Sanat neden bu kadar değersiz hale geldi? Bu sorunun cevabını bulmak için “kalem aklın dilidir” düşüncesiyle sizlerin de bu konu üzerine düşünmenizi istiyorum…


Sanat sonuna kadar bizim içindir. İç dünyamızı zenginleştiren, bizi vasıflı insan yapan değerlerden biri hiç şüphesiz sanattır. Sanat ve sanatçı kavramlarını, gerçek sanat ve sanatçı olarak düzeltmekte fayda görüyorum. Sanılanın aksine sanatçı, televizyonlarda eften püften şeylerle adından konuşturan kişiler değillerdir. Gerçek sanatçı dediğin; hayatları boyunca inandığı mesleğe emek veren, yeri geldiğinde inandığı meslek uğruna kendinden vazgeçebilen insanlardır. Sanat, yedi kola ayrılmış bir büyük devdir. İçinde yapı sanatından tutun da heykele, müziğe ve tiyatroya kadar başlı başına uzayıp giden bir cumhuriyet gibidir sanat. Bu öylesine güzel bir cumhuriyettir ki; insana farklı bir bakış açısını getirip, dünyayı ve bu dünya üzerinde yaşayan diğer insanları bir amaçta tek çatı altında toplayan olgudur. Bizi, ilkçağ insanı olduğumuz günlerden bugüne taşıyan evrensel değerlerden biri de sanat olmuştur. Ancak 21’inci yüzyıl Türkiye’si birçok değeri gerçeğinden saptırmaktaki ustalığını sanata da uygulamaktan çekinmeyerek, sanatı ve sanatçıyı değersiz hale getirdik.

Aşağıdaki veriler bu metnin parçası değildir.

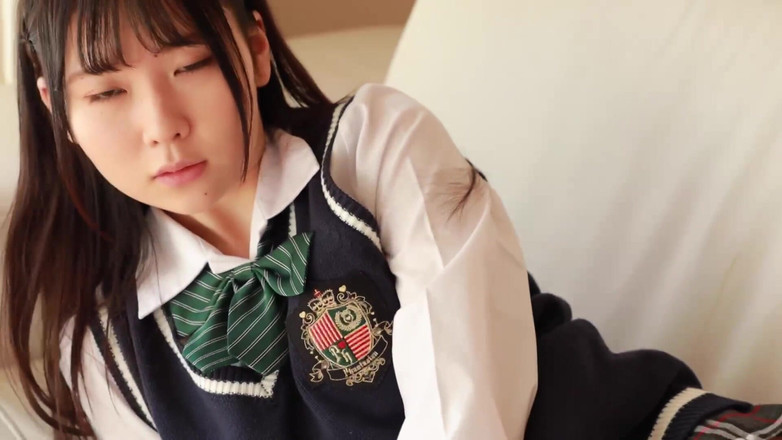 Strix: Líbí se mi typ lidí - Asuka Hashida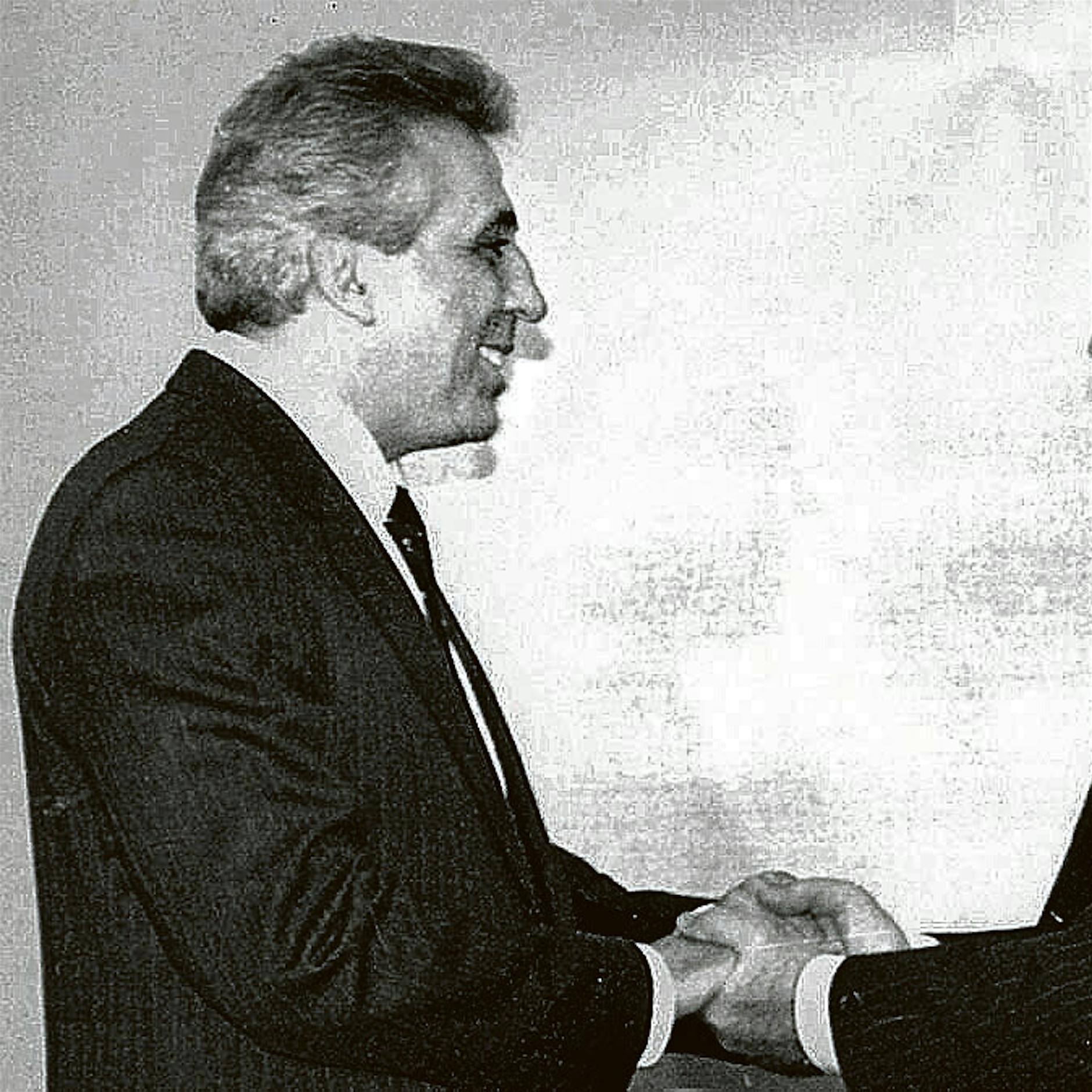 Wann gab die Sowjetunion die DDR frei?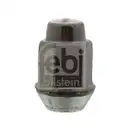 FEBI BILSTEIN 46712 Radmutter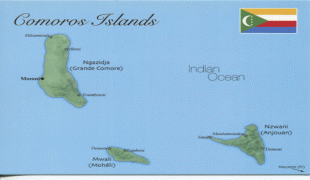 Карта-Коморски острови-mapC07.jpg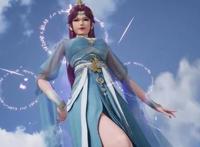 武魂被未婚妻所夺，救个女神还惹来杀身之祸？这个男主有点惨！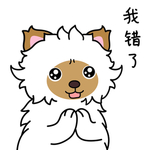 毛猫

Klasik müzik çaldığında,”Kesin şu saçmalığı, nedir bu zımbırtı”deriz; ama gelin görün ki evimizin kapı zilinde Beethoven çalar. Büyük bir keyifle açarız kapıyı gelene. Operada tenor bir arya parçayı seslendirdiğinde,” Bu adam da sürekli bağırıyor, başıma ağrılar girdi.”derken; Arya parçalar, yeni cep telefonların zil seslerine girmiştir bile. Hevesli hevesli “Alo” deriz, karşı sese büyük bir mutlulukla. Tiyatroda bir oyun sahnelendiğinde hatta gişeleri bedava olduğu halde,” Ne işim olur bu deli saçmasıyla” deriz demesine ama televizyonlarda, sevdiğimiz dizilerde yılların emektar tiyatro oyuncuları oynadığında hemen sosyal iletişim siteleri üzerinden hayranı olmasını da iyi biliriz. Demek ki, teknolojiyi de ayakta tutan sanatmış!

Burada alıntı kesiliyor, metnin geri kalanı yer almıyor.